This is the third edition of highly successful workshops focused on data-centric AI, following the success of the Data-Centric AI workshop at NeurIPS 2021 and DataPerf workshop at ICML 2022. Data and operations over data (e.g., cleaning, debugging, curation) have been continually fueling the success of machine learning for decades. While historically the ML community has focused primarily on model development, recently the importance of data quality has attracted intensive interest from the community, including the creation of the NeurIPS dataset and benchmark track, several data-centric AI benchmarks (e.g., DataPerf), and the flourishing of data consortiums such as LAION, the community’s attention has been directed to the quality of data used for ML training and evaluation. The goal of this workshop is to facilitate these essential topics in what we call Data-centric Machine Learning Research, which includes not only datasets and benchmarks, but tooling and governance, as well as fundamental research on topics such as data quality and data acquisition for dataset creation and optimization. Our ultimate goal is to engage the vibrant interdisciplinary community of researchers, practitioners and engineers that tackle practical data problems related to the following list (not exclusive) of topics:
- Benchmarking data collection, data generation, data labeling, data augmentation processes, generalizability of datasets, feature representations, text and image generation models
- Datasets for machine learning research, AI, and AGI
- Data governance, debt and its solutions
- Data bias, variance, uncertainty and its influence to ML
- Active learning, Data cleaning, acquisition for ML
- Data-centric quality evaluation for data benchmarking
- Influence of data benchmarks on ML research
- Data-centric approaches to AI alignment
Data is the primary object of interest underlying all of machine learning. Thus we expect that the topics of the workshop are of great interest to the broader machine learning community and its many specializations that crucially rely on data downstream. We seek to drive progress in addressing these core problems. We will bring together several communities including DataPerf at MLCommons, Data-centric AI, and Dataset 2030 initiatives. A huge amount of innovation — in algorithms, ideas, principles, and tools — is needed to make data-centric AI development efficient and effective. We hope this workshop will help spark innovations.

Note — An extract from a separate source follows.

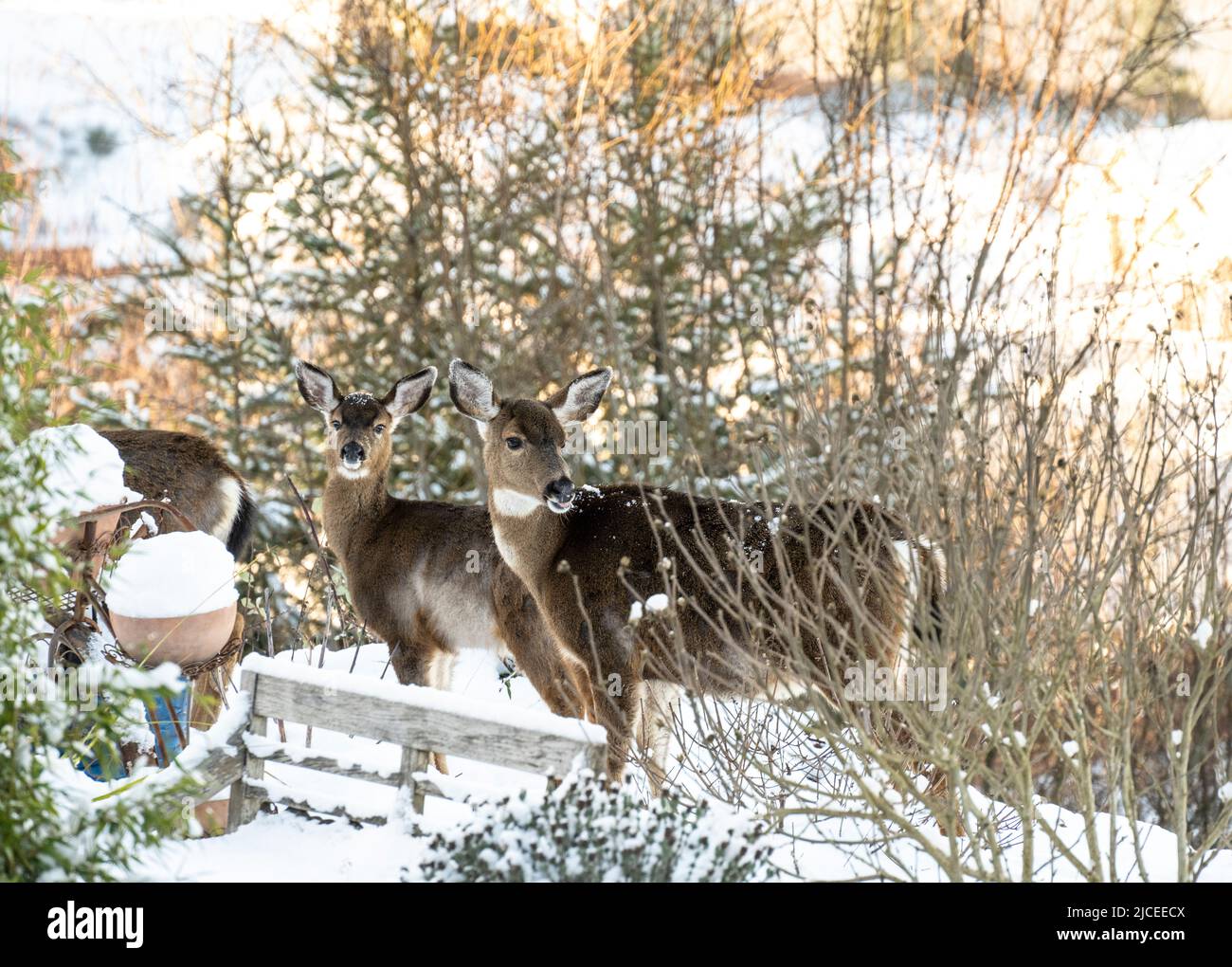 three black-tailed deer in a backyard on a snowy day Stock Photo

The workshop will be organized in four components:
- Keynotes and invited talks: 30 min + 5 min Q&A / talk
- Contributed Papers (spotlight talks+posters): 10 min talk; 1h in person + 30 mins virtual poster
- Open Panel Discussion: open panel about how to facilitate research of data-centric machine learning research, and how we should establish DMLR 2024 as a new ICML track or a standalone conference.
- The DataPerf Competitions results will be presented, winners of each competition showcase their solutions. DataPerf Competitions launch March 21, 2023, ranging from dataset selection to cleaning to valuation. DataPerf (https://dataperf.org/) is a community effort of machine learning researchers, data scientists and engineers striving to advance data quality research.
- We will publish a position paper at the end of this workshop, inspired by the style of the MLSys position paper (https://arxiv.org/abs/1904.03257). This paper will be discussed in both open panel and closed panel discussion, drafted first by the organizing committee, integrated with feedback from the participants, and with solicited feedback from broader communities before publication.